It’s dangerous to give your back to a predator, especially one as unhinged as V, but I’ll need to trust that his obsession with Sera outweighs his need to kill me for my insolence.
I don’t have time to deal with V with everything else going on.
With a grunt, I slide myself into the car, but I don’t immediately pull away. Instead, I stare at my fingers, bleached white and gripping the steering wheel hard enough to crack it.
I almost forgot what day it is today. Honestly, I would’ve forgotten…if my mother hadn’t texted me.
Somehow, someway, Serafina was able to dissipate the shadows that surrounded me for far too long, bathing them in light. But now, I’m facing the cold, hard truth of my reality, glaringly more obvious in the illumination of day. It’s time for me to pay for my sins, as I have every day since the incident. It’s time for me to repent and plead to every god in the universe to forgive me.
My mother claims I’m a monster, and one day a year…I actually believe her.
Mom is waitingfor me outside of the trailer, her emaciated body looking thinner than ever before, the stench of alcohol wafting off of her in palpable waves. I can smell it even before she enters the car, her hair greasy, her eyes glazed, and her clothing ripped, showing more skin than I ever wanted to see on my mother.
“Drive,” she tells me curtly, not even bothering to give me directions.
I know exactly where she wants me to go, the same place I’ve gone every year since I was a kid.
How could I have forgotten what day it is? With everything going on with Tristan, Kian, and Sera, I allowed myself to believe… Well, it’s stupid. A monster is never allowed to truly forget the sins he committed.
The silence in the car is tense and uncomfortable. I feel a weight on my shoulders that’s always accompanied by someone’s eyes on me. They cut at my skin like daggers, a physical sensation that twists my stomach and covers me in a layer of frost.
But still, my mother doesn’t speak, her gaze continuing to crawl over my skin like an invasion of skittering insects.
I tighten my grip on the steering wheel.
All too soon, we pull into a familiar, modest building with brick walls, a huge awning, and a small parking lot. I steer us into one of the empty slots but don’t immediately make a move to get out.
Mom doesn’t either.
And then she speaks, the disdain in her voice dripping like acid eroding rock. “Where were you today?”
I don’t respond, knowing that anything I say will only make things worse, will only exacerbate her ire.
“You know what day it is,” she continues in her curt, no-nonsense voice that has insidious fear slithering through my mind and grasping my heart.
I’m three times her size, but when she speaks to me like that, I feel like a little boy all over again, one who desperately wants his mother to love him.
“Or are you so much of a monster that you forgot?”
Again, I don’t answer, and that only seems to heighten her anger.
I brace myself, readying for the hit a second before she delivers it to my shoulder. She’s so frail and weak that it feels more like a light tap than her attempt to punch me.
“You fucking selfish boy.” She opens her car door jerkily and steps out.
I press my lips together and follow her, still not saying anything, still avoiding eye contact.
“This is why we come here. So you can see what you did.” She wobbles slightly due to her intoxicated state, but I don’t lift a hand to help her.
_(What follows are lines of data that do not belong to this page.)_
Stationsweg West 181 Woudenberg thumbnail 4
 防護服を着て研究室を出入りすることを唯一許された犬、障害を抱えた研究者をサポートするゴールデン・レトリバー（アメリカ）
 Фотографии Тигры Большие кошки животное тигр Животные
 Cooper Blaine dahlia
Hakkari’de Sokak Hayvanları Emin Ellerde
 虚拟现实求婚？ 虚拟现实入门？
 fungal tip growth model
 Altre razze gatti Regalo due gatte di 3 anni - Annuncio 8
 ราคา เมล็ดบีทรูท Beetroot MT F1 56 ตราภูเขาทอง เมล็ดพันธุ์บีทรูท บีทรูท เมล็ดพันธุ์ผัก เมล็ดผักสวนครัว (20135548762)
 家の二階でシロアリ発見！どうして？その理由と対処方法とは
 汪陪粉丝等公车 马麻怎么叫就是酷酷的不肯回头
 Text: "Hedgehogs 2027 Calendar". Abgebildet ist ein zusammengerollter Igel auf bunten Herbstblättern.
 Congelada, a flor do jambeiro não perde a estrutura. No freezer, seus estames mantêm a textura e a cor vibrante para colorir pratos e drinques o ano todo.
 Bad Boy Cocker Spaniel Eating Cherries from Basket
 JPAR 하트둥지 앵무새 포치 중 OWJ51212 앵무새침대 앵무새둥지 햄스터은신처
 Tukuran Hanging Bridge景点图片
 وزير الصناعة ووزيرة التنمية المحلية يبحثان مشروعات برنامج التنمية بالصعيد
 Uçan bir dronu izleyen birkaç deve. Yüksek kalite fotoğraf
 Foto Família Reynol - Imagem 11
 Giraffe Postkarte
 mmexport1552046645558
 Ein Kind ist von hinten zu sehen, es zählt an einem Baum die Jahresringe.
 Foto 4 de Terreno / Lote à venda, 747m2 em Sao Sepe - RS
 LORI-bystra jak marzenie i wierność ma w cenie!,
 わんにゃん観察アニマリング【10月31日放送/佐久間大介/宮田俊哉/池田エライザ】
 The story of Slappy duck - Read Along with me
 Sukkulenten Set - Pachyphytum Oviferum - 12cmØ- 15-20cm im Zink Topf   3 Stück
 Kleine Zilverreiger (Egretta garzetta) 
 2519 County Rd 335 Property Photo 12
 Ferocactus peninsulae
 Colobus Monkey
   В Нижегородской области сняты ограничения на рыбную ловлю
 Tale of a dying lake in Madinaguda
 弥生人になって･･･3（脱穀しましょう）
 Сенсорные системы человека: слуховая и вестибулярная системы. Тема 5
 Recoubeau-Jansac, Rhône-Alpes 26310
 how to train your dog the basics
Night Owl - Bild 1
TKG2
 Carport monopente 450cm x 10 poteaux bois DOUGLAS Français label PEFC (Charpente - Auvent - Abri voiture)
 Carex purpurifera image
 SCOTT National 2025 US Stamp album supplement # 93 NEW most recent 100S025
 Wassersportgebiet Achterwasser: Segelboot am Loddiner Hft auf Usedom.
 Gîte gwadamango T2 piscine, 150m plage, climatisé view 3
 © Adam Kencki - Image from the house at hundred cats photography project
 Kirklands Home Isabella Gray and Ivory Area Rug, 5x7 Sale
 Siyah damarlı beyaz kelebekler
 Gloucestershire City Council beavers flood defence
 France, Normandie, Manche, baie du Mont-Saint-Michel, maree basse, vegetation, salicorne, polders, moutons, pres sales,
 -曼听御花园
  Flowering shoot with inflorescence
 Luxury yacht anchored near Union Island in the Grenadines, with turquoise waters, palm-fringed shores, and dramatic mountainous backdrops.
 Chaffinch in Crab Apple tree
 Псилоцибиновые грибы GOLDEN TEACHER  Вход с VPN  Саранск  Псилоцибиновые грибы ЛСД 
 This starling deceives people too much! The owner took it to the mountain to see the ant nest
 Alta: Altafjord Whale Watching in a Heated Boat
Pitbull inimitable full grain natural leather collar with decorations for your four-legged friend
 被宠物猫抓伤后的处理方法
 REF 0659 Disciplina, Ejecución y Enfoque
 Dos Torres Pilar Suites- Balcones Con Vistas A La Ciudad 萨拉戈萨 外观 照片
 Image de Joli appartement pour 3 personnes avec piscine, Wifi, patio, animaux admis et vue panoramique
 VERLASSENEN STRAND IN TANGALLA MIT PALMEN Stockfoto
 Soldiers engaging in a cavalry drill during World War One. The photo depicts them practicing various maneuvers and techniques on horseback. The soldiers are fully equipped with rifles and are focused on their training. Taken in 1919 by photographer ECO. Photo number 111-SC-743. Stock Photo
The last time I did, she slapped me so hard across the face I received an actual bruise from the rings adorning her skeletal fingers.
I follow a few steps behind her, keeping my head lowered, my dark hair obscuring my eyes from view. I don’t want to see the accusatory stares I know are following me down the hallway. Mother has made it clear time and time again to the staff the reason for our visits.
And the reason why my father is here in the first place.
The nurse in bright-blue scrubs looks up from his computer at the front desk when we arrive. He takes one look at my mother, frowns, and then jerks his head towards the hallway.
My mother is a frequent visitor, even if I’m only forced to come here once a year.